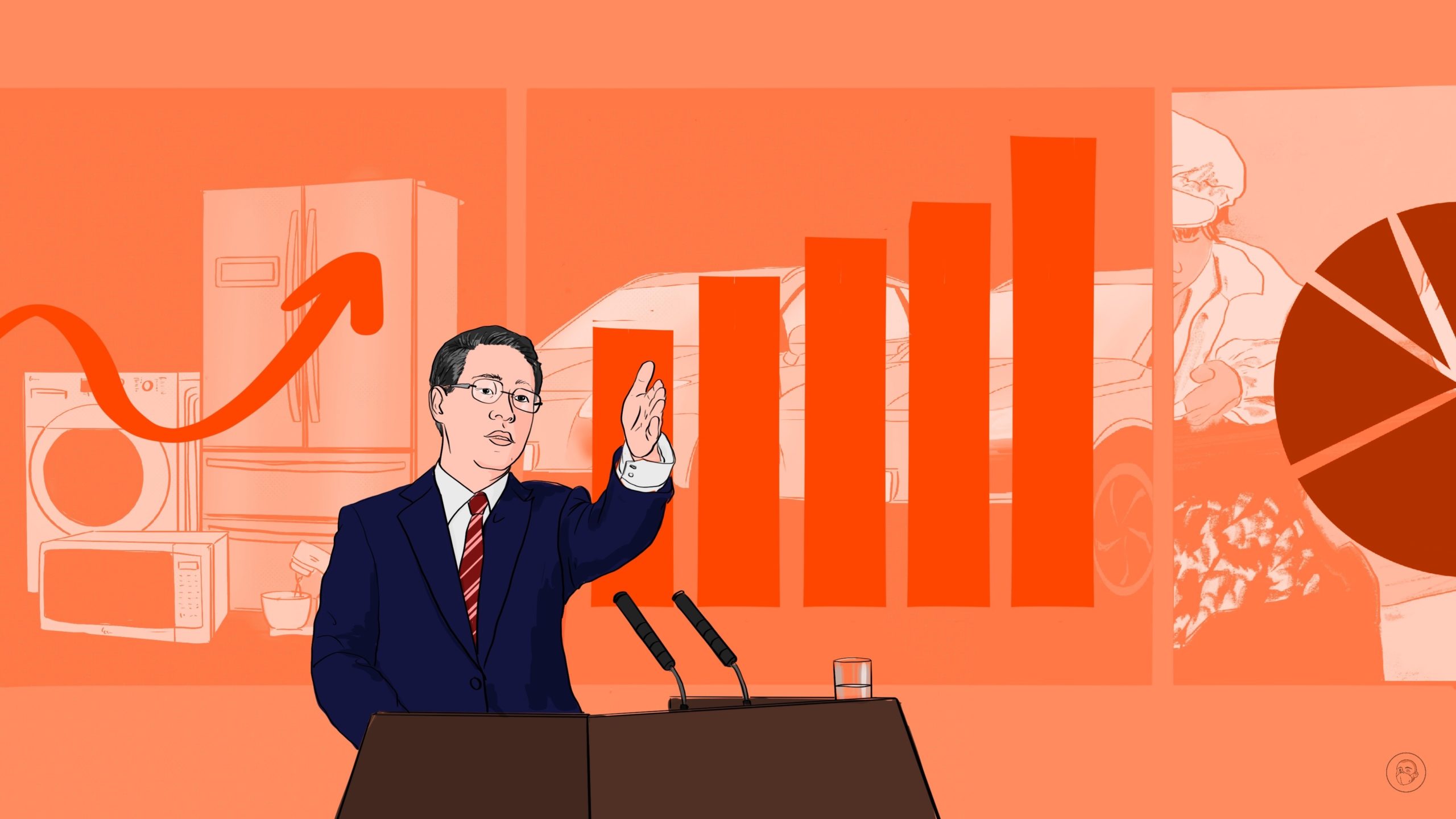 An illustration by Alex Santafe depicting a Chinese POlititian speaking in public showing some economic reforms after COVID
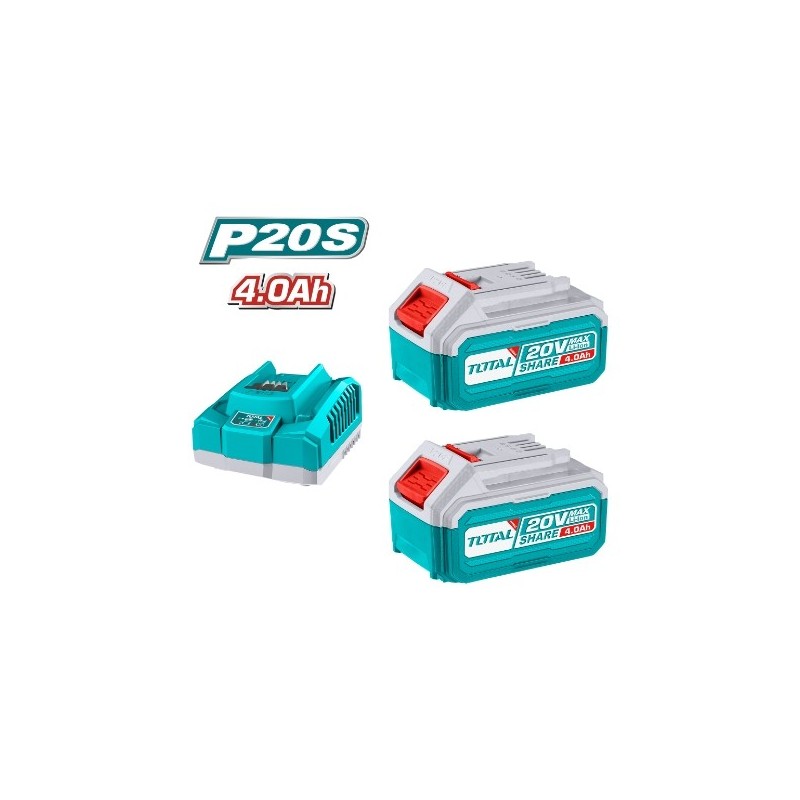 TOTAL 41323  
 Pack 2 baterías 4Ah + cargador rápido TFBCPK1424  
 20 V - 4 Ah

• _Exercise requirements_:
Copy out the data above to the letter, and keep every picture out of it.

• _Reply_:
 An illustration by Alex Santafe depicting a Chinese POlititian speaking in public showing some economic reforms after COVID
 TOTAL 41323  
 Pack 2 baterías 4Ah + cargador rápido TFBCPK1424  
 20 V - 4 Ah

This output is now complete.